Creating positive practice environments to prioritize occupational health (continued)

Unifying health workers and addressing workplace stress in Morocco
The work environment analysis from Morocco as part of the PPE Campaign highlighted the health risks associated with hazardous health workplaces and the stress resulting from work overload—especially within the emergency, maternity, and surgery wards—augmented by lack of resources, recognition, and management support. Motivating health workers and emphasizing their preparedness to better distribute the services provided within catchment areas, health facilities used strategic mapping and planning tools to revise the institutional hierarchies at health facilities. Health workers identified informational and training needs related to OSH and gradually filled the gaps. These same activities achieved both objectives for health worker safety and service quality improvement (Semlali 2010).

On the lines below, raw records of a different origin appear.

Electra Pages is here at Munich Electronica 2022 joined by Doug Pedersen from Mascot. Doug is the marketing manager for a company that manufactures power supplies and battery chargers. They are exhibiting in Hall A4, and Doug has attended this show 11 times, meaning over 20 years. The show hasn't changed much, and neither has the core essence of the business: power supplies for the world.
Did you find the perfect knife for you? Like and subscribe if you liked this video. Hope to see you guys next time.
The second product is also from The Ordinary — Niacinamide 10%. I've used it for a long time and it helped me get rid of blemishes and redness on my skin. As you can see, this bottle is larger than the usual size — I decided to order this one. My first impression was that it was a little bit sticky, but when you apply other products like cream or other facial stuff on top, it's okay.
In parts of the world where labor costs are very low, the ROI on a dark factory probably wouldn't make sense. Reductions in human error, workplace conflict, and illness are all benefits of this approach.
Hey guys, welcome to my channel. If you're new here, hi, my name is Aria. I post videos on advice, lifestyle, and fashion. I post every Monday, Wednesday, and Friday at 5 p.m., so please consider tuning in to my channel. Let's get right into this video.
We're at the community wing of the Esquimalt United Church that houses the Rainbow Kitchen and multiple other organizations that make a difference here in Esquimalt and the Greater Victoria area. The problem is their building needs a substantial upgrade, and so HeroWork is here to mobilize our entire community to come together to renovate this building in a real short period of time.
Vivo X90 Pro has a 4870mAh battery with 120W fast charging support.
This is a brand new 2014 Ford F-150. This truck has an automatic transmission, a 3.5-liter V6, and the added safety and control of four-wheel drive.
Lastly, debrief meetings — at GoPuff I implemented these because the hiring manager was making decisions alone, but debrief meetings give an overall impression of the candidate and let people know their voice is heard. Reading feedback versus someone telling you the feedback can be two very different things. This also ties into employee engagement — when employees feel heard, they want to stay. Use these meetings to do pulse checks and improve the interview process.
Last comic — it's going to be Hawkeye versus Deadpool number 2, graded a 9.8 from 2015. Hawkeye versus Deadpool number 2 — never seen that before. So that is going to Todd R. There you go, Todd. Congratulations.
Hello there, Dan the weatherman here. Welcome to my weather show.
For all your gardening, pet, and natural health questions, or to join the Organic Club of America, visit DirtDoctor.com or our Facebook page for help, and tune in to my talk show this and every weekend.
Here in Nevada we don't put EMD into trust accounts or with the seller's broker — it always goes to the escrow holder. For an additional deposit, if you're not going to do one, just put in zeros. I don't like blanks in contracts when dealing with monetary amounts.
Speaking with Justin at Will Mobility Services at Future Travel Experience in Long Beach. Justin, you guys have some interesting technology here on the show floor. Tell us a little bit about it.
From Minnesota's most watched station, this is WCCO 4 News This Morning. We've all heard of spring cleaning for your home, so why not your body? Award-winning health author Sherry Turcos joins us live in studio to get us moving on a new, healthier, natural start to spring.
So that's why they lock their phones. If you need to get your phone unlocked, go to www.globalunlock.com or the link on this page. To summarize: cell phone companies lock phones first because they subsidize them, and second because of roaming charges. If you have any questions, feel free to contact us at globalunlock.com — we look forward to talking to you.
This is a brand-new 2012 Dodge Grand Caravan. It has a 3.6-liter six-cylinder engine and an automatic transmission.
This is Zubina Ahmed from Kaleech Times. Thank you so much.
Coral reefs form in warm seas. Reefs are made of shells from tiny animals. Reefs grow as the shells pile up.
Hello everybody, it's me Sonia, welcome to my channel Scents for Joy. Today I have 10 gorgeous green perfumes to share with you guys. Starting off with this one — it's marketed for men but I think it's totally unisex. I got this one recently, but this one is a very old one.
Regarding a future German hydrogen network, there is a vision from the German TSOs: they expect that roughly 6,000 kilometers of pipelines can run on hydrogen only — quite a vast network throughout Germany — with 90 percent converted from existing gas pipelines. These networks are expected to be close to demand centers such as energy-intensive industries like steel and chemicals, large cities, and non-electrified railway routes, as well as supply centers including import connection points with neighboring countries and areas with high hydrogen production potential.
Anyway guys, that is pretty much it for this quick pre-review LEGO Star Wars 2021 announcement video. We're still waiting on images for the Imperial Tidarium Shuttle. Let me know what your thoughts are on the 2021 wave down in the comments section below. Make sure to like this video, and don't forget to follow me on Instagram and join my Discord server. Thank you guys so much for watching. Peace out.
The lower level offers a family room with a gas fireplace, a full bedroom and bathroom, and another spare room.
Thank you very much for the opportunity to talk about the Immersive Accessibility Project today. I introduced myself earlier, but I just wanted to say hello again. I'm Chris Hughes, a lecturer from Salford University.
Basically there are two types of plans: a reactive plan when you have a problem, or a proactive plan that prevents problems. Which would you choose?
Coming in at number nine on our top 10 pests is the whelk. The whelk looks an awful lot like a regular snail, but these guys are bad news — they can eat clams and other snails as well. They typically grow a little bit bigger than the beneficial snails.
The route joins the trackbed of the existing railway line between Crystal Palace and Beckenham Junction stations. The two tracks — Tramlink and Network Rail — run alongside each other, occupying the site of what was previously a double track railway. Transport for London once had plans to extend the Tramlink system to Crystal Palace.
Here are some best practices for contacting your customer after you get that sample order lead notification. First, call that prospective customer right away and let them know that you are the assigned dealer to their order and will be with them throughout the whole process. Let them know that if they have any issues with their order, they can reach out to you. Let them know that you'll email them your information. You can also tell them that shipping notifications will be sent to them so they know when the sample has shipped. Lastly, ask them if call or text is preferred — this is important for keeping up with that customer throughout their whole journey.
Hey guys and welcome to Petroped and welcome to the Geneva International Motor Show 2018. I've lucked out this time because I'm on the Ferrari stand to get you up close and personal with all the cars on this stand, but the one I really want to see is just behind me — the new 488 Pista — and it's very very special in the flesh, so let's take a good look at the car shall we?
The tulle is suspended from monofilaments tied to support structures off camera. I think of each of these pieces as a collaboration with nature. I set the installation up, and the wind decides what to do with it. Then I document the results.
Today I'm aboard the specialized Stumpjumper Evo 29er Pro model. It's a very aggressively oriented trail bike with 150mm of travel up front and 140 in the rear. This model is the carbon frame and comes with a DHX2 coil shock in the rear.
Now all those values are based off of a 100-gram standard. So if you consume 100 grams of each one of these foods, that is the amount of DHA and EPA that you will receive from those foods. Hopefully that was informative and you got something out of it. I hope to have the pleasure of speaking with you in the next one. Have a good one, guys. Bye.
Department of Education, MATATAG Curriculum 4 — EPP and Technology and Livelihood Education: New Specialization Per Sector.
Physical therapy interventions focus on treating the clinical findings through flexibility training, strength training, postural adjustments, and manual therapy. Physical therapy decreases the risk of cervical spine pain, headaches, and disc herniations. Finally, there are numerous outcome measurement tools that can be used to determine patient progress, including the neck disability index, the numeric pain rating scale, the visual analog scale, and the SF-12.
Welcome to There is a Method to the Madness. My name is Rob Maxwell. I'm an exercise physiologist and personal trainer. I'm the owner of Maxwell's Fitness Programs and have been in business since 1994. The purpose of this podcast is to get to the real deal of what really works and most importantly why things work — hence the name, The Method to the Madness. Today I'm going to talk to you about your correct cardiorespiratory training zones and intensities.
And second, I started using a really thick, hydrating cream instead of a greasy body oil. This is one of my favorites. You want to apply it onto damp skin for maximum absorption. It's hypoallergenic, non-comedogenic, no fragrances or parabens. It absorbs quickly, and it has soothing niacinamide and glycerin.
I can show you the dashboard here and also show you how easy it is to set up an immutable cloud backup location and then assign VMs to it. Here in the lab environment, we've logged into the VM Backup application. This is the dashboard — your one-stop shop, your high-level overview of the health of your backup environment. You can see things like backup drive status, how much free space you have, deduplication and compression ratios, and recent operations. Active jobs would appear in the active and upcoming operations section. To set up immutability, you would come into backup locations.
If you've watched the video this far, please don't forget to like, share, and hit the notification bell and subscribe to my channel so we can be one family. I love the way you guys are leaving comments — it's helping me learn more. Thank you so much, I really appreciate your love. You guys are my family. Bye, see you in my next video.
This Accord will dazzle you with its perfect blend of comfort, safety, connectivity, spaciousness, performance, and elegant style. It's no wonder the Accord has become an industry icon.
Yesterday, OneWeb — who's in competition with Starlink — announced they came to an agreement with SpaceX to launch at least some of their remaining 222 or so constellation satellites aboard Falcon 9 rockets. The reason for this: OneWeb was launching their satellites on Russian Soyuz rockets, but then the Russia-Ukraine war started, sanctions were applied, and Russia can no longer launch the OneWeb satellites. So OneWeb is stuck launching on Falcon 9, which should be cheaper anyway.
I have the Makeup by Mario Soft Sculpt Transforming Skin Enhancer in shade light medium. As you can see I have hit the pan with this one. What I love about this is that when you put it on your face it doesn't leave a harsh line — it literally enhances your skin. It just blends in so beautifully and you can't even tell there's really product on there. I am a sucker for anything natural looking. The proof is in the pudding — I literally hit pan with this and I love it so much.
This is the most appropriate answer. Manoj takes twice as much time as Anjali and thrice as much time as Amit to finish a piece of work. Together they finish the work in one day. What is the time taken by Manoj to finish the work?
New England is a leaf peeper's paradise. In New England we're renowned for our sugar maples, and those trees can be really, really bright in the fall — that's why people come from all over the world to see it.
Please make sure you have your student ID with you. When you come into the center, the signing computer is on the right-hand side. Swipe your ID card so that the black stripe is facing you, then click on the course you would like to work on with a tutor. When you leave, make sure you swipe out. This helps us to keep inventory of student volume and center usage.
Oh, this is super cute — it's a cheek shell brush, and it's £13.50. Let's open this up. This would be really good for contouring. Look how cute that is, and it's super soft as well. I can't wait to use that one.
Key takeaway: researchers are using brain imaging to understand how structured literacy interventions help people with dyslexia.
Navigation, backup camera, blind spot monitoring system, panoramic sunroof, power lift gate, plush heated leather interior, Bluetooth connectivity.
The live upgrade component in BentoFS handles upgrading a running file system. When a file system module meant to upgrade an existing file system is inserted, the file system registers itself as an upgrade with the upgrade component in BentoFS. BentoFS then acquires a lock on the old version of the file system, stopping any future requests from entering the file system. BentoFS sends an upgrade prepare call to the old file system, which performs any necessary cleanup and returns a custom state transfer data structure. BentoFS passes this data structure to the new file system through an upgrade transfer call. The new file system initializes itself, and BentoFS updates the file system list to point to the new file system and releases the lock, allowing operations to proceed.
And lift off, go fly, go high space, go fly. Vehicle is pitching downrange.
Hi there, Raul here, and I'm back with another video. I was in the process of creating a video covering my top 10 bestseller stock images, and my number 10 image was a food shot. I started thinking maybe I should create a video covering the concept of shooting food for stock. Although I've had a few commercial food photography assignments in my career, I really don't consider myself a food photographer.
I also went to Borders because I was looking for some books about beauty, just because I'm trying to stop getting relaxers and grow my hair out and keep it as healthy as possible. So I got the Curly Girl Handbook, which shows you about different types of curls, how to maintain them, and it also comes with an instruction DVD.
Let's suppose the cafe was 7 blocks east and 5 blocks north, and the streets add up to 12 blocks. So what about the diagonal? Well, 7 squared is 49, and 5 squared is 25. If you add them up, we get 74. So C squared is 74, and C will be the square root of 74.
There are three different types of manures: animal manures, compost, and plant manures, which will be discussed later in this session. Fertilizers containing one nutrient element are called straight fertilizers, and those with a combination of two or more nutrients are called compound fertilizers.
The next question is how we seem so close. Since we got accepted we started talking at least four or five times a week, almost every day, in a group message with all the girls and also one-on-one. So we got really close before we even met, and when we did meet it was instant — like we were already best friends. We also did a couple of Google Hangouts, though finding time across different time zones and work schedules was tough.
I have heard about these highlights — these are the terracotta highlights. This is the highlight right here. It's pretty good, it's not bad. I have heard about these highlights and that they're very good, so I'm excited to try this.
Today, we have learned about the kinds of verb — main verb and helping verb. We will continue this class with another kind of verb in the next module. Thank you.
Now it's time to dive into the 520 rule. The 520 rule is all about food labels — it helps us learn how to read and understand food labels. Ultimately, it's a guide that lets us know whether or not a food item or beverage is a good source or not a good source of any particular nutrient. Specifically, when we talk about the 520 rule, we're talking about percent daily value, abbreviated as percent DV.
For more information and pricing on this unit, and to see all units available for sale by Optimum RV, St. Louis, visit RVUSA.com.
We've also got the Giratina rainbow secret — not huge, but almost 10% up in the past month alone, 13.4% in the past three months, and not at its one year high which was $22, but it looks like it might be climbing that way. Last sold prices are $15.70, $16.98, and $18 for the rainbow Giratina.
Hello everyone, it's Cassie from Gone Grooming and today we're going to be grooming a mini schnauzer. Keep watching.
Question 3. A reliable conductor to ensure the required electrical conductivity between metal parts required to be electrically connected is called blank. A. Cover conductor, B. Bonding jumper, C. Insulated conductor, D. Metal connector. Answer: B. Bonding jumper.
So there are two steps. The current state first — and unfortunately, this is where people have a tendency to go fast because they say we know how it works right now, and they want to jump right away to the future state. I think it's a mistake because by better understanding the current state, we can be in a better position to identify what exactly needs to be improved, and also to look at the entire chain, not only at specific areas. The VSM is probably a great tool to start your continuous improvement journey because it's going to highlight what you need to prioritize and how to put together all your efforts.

Prioritizing sanitation in Kenya
The Work Climate Improvement Initiative in 10 rural facilities piloted by the Ministry of Health in Kenya demonstrated marked improvements in four key areas: patient/health worker relationship; health worker/supervisor relationship; workplace environment; and worker wellness. Notably, simple measures such as regular cleaning of health facilities, handwashing practices, and proper disposal of medical waste were emphasized, and benefited not only the health workers but also their patients (Capacity Project 2009).

Empowering managers to prioritize performance in Uganda
In Uganda, poor working conditions were identified as a major reason for public health worker attrition. Uganda’s health management was decentralized to empower health subdistricts to create healthy work environments, using a participatory approach and an evaluation tool to assess the probability that a hazard would result in injury and the severity of consequences if injury occurred. The evaluation tool assessed risks by location, process, job description, and gender. As a result, facility teams had a common comprehension of the risks identified, and were better positioned to implement local improvements. In addition, the facilities recognized that by reducing occupational hazards and ensuring adequate pay, health workers would no longer be motivated to charge illegal user fees (Matsiko 2010).

Instituting personal and professional accountability for safer work environments in Zambia
In Zambia prior to the PPE Campaign, high levels of health worker migration, low preservice enrollment, and economic hardship contributed to the “vicious cycle” of poor health worker safety. Occupational risks had increased as protective work clothing was removed from the health budget. Health workers were burdened with unreasonable workloads due to staff shortages, and often faced physical or psychological violence from managers and patients (Ngulube 2011). Under the PPE Campaign, health workers were empowered with standards for personal accountability (e.g., committing to excellence and honesty), professional accountability (e.g., participating in standard-setting, performance measurement, and knowledge of good safety practices), and system accountability (e.g., achieving better supply management, supervisory systems, and health worker retention schemes). The results observed at the organizational level were so compelling that the national strategic health plan for 2011-2015 prominently featured human resources for health as a central component (ibid.).